[NTLUG:Discuss] using dd to perform full backups
Chris Cox
cjcox at acm.org
Sat Dec 6 12:33:10 CST 2003
NTLUG wrote:
> On Fri, 2003-12-05 at 16:13, Robert Citek wrote:
>
>>To create an image of a partition (/dev/hda1) is fairly straightforward:
>> dd if=/dev/hda1 of=/tmp/part1.img
>
>
> I have heard (or at least I think I have) of people using dd as a backup
> method. Does anyone have any experience with this? How well does it
> work, what are the limitations? Obviously the benefits are its a
> complete image of the drive so the machine can be immediately re-created
> in a disaster.
>
Actually.. you can just do:
cp /dev/hda1 /tmp/part1.img
On Linux... but dd is more portable if you're not dealing with Linux.
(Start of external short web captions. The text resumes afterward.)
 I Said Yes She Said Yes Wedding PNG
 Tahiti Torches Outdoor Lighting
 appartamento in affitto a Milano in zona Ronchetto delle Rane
dd combined with a correct multiple blocking factor might be
faster in certain cases.
I use image masters like this to rapidly create exact replicas of
systems where the HW is identical. Kind of like Ghost. Of course
Ghost let's you do all sorts of things and doesn't require each
machine to be identical in HW/disk configuration.
Other full disaster recovery elements are mondo/mindi and
mkcdrec. Right now, there has been more activity on mondo/mindi,
so I'd look at that project if you're interested in creating
full disaster recovery backups with the ability to make some
tweaks.
Commercial Linux dists like RH and SUSE have "config cloning like"
facilities that allow you to propagate a particular configuration
across different platforms quickly. They can be problematic
to setup initially, but once they're setup, that can be a
way to creating "like" configs across different HW. Not really
for backups, but for creating common configurations.